The odd things you encounter reading novels: I’m reading a novel called Mr. Penumbra’s 24-Hour Bookstore which is a quirky, light, magical, mystery, apparently bordering on science fiction, and perhaps something of a cult-book for some people.
Kat, who works at Google, and Lenny, the narrator, who works at Mr. Penumbra’s 24-Hour Bookstore, are in Kat’s bedroom. They want to put a thick hand-written ledger on the computer in a hurry:
She’s sitting on my lap, leaning into her MacBook. She’s explaining OCR, the process by which a computer transforms swoops of ink and streaks of graphite into characters it can comprehend, like K and A and T.
“It’s not trivial,” she says. “That was a big book, and bad handwriting.” But Kat has a plan. “It would take my computer all night to process all those pages,” she says. “But we’re impatient, right?” She’s typing at warp speed, composing long commands I do not understand. Yes, we definitely are impatient.

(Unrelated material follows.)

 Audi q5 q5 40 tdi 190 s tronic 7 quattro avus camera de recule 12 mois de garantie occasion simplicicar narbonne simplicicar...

“So we’ll get hundreds of machines to do it all at once. We’ll use Hapdoop.”
“Hadoop?”
“Everybody uses it. Google, Facebook, the NSA. It’s software – it breaks a big job into lots of tiny pieces and spreads them out to lots of different computers at the same time.”
Hadoop! I love the sound of it. Kat, you and I will have a son, and we will name him Hadoop, and he will be a great warrior, a king!
Best description of Hadoop I ever read!